Give an exact copy of the lines from the beginning of the listing below to the "Detailed close up" line, inclusive.
Material supplied section start
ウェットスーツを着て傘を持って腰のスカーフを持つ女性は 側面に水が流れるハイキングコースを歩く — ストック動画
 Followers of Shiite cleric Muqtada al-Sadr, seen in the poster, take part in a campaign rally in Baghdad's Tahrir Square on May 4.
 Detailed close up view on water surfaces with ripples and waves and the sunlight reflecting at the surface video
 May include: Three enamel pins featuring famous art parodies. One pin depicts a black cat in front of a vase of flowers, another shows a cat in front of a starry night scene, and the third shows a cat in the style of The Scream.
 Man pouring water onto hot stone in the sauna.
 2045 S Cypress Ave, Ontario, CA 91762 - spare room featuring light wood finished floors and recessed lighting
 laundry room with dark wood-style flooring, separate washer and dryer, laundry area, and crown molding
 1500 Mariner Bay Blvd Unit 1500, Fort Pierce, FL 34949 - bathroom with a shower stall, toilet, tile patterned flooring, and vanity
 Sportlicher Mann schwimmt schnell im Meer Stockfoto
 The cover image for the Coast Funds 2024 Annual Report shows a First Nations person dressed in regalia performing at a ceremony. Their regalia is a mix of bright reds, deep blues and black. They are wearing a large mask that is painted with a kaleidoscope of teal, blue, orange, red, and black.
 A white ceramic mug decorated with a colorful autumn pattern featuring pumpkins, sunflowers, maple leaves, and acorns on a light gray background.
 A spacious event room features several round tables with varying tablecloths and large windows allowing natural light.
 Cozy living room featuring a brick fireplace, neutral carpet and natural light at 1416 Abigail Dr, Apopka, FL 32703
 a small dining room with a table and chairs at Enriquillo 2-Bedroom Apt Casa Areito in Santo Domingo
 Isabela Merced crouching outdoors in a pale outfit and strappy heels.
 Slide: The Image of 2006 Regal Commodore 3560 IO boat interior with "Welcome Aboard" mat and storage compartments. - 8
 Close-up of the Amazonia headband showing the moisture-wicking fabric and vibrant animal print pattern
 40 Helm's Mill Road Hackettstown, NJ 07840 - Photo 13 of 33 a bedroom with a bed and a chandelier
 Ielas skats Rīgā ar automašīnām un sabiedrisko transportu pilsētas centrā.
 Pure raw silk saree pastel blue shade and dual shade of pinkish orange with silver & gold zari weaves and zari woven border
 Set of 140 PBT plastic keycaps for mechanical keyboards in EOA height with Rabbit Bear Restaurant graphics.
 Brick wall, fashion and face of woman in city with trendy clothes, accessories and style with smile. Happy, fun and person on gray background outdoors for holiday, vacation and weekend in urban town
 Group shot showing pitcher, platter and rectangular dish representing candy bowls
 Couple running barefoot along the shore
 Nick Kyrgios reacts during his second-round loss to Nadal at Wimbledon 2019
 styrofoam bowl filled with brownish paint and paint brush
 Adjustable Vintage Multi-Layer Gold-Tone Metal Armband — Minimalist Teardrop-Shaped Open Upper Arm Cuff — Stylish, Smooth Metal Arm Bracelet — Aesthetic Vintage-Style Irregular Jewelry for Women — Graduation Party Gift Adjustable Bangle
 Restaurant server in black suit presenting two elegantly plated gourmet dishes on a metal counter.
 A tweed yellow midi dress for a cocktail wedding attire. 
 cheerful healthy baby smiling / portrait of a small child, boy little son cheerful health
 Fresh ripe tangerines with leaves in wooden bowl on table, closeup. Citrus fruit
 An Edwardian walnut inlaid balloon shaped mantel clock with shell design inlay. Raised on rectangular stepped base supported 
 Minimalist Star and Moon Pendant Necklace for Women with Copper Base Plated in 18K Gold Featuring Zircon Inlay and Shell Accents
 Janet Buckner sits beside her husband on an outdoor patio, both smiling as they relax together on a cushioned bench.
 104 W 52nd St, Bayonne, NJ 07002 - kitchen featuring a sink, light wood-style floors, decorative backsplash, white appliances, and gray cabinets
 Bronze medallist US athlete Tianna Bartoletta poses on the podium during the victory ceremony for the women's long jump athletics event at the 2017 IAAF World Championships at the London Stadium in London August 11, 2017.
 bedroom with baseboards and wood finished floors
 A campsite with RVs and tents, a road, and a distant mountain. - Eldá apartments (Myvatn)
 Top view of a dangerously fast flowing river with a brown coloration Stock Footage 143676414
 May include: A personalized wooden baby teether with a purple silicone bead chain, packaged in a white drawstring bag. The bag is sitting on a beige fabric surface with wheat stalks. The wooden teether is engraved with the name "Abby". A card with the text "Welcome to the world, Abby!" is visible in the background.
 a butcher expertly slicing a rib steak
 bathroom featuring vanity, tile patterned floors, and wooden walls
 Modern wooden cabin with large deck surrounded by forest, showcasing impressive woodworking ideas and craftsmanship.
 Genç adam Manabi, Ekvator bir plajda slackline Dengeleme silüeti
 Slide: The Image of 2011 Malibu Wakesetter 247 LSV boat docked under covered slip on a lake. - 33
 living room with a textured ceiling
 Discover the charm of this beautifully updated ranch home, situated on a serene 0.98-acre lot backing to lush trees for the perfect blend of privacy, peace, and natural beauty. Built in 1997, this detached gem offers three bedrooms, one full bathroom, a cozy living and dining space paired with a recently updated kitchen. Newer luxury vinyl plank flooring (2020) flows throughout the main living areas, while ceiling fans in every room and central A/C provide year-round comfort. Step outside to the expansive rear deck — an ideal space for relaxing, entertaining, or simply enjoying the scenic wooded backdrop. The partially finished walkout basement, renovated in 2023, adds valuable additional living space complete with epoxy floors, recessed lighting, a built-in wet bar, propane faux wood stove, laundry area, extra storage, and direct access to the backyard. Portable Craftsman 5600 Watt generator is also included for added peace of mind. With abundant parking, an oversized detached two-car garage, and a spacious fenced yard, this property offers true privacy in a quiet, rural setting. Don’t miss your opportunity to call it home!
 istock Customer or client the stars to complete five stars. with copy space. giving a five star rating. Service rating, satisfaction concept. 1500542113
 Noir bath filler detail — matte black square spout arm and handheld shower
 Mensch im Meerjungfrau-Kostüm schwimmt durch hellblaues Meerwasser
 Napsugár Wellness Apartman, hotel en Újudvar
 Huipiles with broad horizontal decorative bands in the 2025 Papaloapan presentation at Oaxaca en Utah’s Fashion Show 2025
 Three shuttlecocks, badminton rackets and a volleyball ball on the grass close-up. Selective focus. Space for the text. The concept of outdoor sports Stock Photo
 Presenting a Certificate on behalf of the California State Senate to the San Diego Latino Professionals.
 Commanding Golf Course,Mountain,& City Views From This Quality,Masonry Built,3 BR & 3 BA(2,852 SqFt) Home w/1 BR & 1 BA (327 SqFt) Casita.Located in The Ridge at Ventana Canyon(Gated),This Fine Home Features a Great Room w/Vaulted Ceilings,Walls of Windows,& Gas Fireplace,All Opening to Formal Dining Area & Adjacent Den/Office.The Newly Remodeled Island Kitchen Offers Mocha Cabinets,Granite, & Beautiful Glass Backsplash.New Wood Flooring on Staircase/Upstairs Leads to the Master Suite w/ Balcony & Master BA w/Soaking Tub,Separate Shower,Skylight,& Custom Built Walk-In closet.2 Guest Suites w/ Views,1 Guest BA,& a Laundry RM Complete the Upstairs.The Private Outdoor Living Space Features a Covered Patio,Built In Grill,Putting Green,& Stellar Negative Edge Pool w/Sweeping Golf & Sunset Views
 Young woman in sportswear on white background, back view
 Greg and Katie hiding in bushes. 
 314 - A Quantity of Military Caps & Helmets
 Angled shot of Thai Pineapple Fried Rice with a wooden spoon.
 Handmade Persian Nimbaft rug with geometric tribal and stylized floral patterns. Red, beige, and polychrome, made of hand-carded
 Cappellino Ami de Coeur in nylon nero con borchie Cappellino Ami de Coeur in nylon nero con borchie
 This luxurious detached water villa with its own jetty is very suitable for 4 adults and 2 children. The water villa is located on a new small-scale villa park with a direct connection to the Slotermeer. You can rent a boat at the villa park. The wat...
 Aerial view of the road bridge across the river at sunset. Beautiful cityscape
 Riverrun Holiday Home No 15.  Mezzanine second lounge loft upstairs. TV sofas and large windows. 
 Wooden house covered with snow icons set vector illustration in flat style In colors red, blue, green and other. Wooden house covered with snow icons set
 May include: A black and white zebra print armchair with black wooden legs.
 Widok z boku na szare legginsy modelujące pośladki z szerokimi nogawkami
Material supplied section end
» **Written solution**
ウェットスーツを着て傘を持って腰のスカーフを持つ女性は 側面に水が流れるハイキングコースを歩く — ストック動画
 Followers of Shiite cleric Muqtada al-Sadr, seen in the poster, take part in a campaign rally in Baghdad's Tahrir Square on May 4.
 Detailed close up view on water surfaces with ripples and waves and the sunlight reflecting at the surface video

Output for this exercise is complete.